Permian Basin operator Ring Energy Inc., whose forte is the Central Basin Platform (CBP), produced 376,000 boe net during the third quarter, an 80% increase from a year ago and an 11% sequential gain, despite weather issues and delays.

The weather-related issues and delays primarily affected natural gas production, the Midland, TX-based independent said. Ring estimates it lost about 9,000 boe net of production during 3Q2017 related to the issues.

In July the company completed a stock offering with net proceeds of $59.2 million; proceeds are being used to fund an accelerated drilling program.

“With the completion of our stock offering in July, the company is postured for steady, sustained growth,” CEO Kelly Hoffman said. “The proceeds have allowed us to accelerate our horizontal drilling and development program by adding a second drilling rig in mid-August and continuing our infrastructure improvements on both our Central Basin Platform and Delaware Basin assets. The results are evident based on the consistent production increases quarter over quarter.”

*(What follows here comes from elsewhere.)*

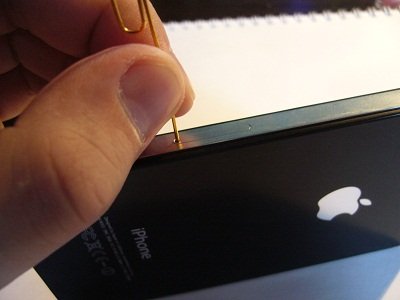 Devi fare clic sul piccolo foro pulito sul lato dell'iPhone, quindi il connettore, che è solo focalizzato sul fatto che conterrà una scheda SIM, si aprirà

Between July and September, 12 horizontal wells were completed in the CBP, with drilling underway on two more wells. The average gross initial production rate for 17 horizontal wells completed, tested and put into production since Ring began drilling in the formation late last year is 675 boe/d.

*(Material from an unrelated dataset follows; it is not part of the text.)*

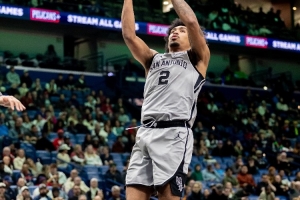 奎因：我和哈珀从小就认识 我期待着未来能与他有更多的较量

In the Delaware sub-basin, Ring also completed and put into production four vertical Cherry Canyon wells during the third quarter.

Overall company production in September averaged 4,345 boe/d net, versus year-ago output of 2,270 boe/d and from 4,110 boe/d in June. The average estimated price received in September was $42.20/boe.

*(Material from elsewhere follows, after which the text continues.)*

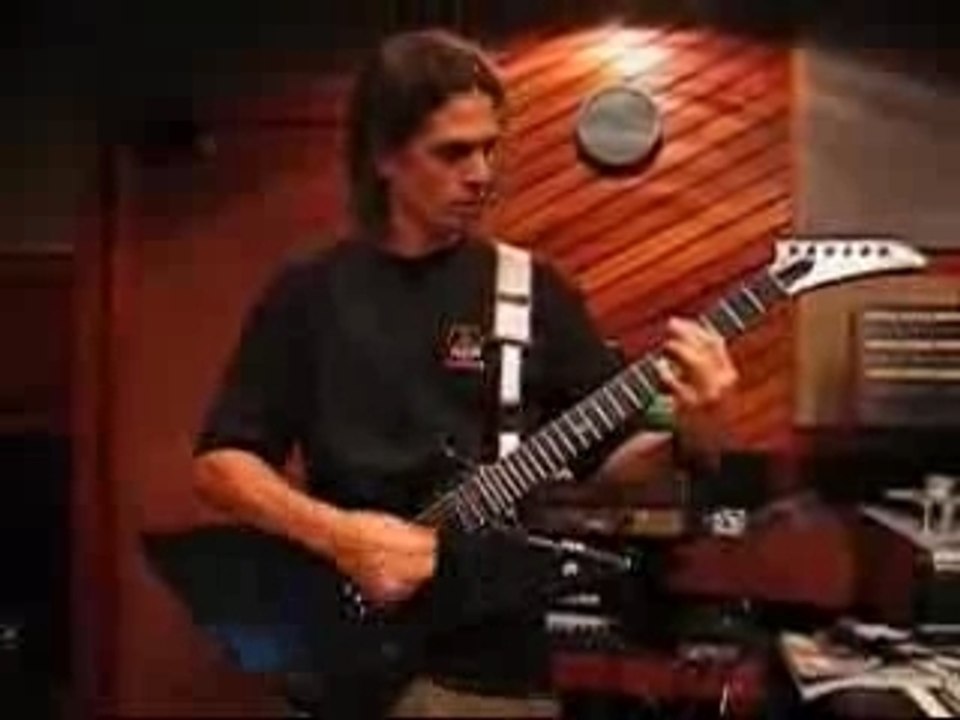 Kiko Loureiro - Waiting Silence Riff - HQ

“Subject to market conditions, we plan on continuing a two-rig horizontal drilling program for the foreseeable future,” Hoffman said. “With two rigs operating we estimate we can drill five to six new horizontal wells per month.
Because of tight oilfield service conditions in the active Permian, Ring took steps to ensure it will have no “unnecessary delays” to fracture (frack) and complete horizontal wells now being drilled, he said.

“Beginning mid-October, we have secured the services of a fracking crew dedicated solely to our company. This will basically ensure the company’s ability to execute its drilling and development program without disruption, providing the company and its investors constant, steady growth.”